A musician who wants to tour Europe to heal the “huge divisions” caused by Brexit has been given a grant by the UK Department for International Trade.
Matthew Herbert said he wanted to correct the impression created by Leave campaigners that the UK was “retreating into an absurd little enclave”.
He said he wanted to get the message out: “We are still listening, we want to be friends, we want to collaborate.”
Herbert has also set Article 50 to music and plans Brexit-themed concerts.
The experimental musician, who also gets funding from the British Council, is one of 12 artists sharing £181,944 grant money from the department headed by Liam Fox, who was one of the key campaigners for a Leave vote in the UK’s 2016 EU referendum.

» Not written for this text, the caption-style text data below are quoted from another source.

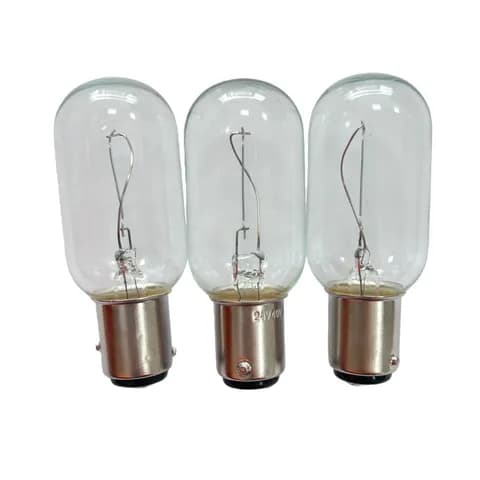 T25x65 BAY15D Marine Lighting Bulb 12V 25W Maritime Navigation Signal Light IMPA790435 790407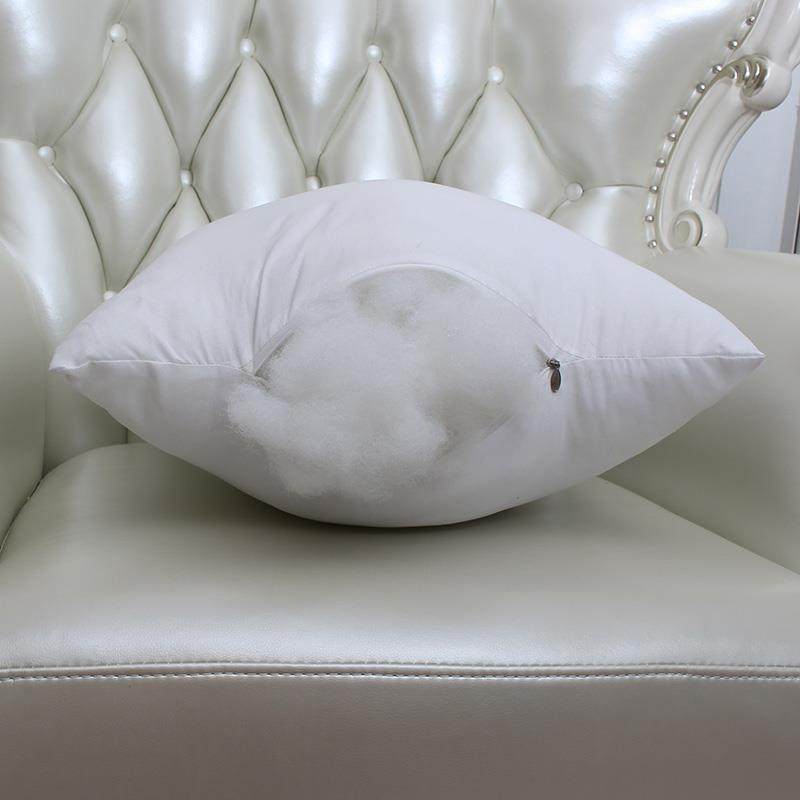 抱枕芯45 靠枕内芯50正方形长方表60靠背沙发客厅方枕头内胆枕芯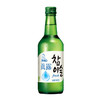 韩国真露烧酒新竹炭烧360ml/瓶利口16.5度低度酒竹炭酒非清酒 商品缩略图1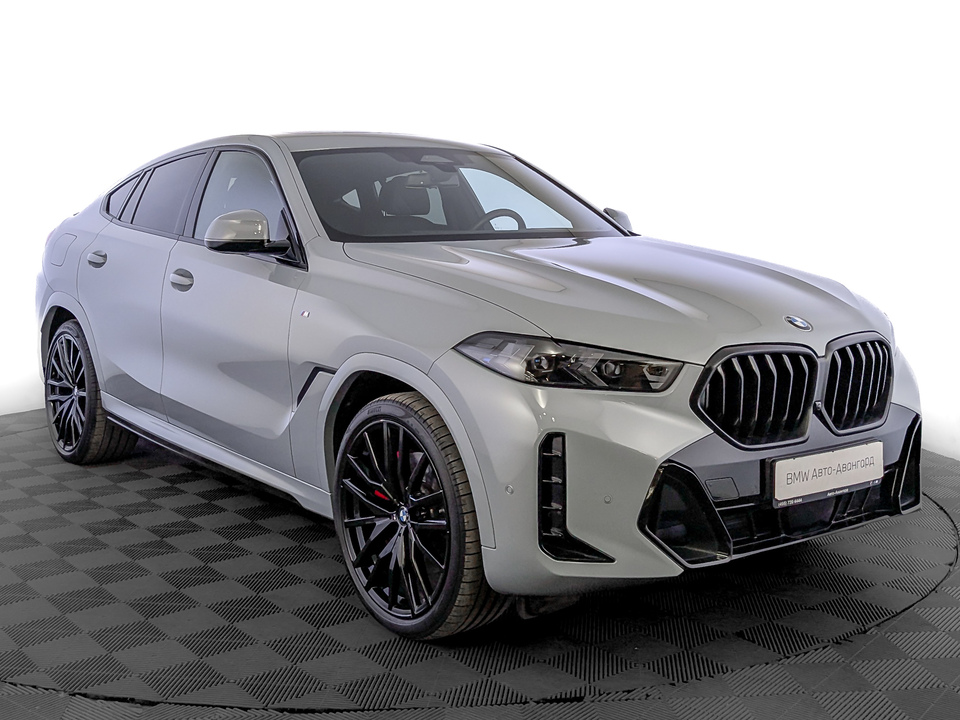 car-card-slide BMW X6 2024 16 200км фото №3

So far the department – which aims to promote international trade and is seeking to agree free trade agreements after Brexit – has handed out £2.4m to support British acts in their bid to “become the next Adele or Ed Sheeran”.
As well as Matthew Herbert, the twice Mercury prize-nominated Ghostpoet and Public Service Broadcasting have also been named as the latest recipients of the grants under the Music Export Growth Scheme, although the department would not say how much each has received.
Herbert, who was last year commissioned by BBC Radio 3 to deconstruct Beethoven – see the tweet below for how he did it – is known for his use of sampled sounds. On one previous album he chronicled the life cycle of a pig through the noises it made.
In a recent performance at The Barbican, in London, the percussion for one song was provided by ripping up copies of the Daily Mail, according to the Politico website.
He told the website: “I want to create something that’s the opposite of Brexit – about collaboration, about creativity, about love rather than hate.”
He launched his Brexit Big Band project earlier this year with a website that allows anyone to upload three seconds of Brexit-themed noise to form part of a “sonic petition”.
He has also set Article 50, the treaty clause taking Britain out of the EU, to music and plans a series of Brexit-themed concerts and workshops culminating in the release of an album at the same moment Britain leaves the EU in March 2019.
Writing on the Brexit Big Band website, Herbert said: “The message from parts of the Brexit campaign were that as a nation we are better off alone.
“I refute that idea entirely and wanted to create a project that embodies the idea of collaboration from start to finish.”
Grants under the Music Export Growth Scheme are decided by a panel of music industry executives and trade policy minister Baroness Fairhead, the former chair of the BBC Trust.
Each artist receives least £5,000, according to the criteria set out by the BPI, which administers the scheme.
Applications are judged on their individual merits, “not political views,” the department says, and must “show traction in the UK and their target market as well as having a robust plan for making a success of the international activity”.
Baroness Fairhead said: “The UK is a world leader in music exports and recognised for its exceptional home-grown talent around the globe.
“Through the music exports scheme, we help to nurture the talent of the future to explore new global markets.”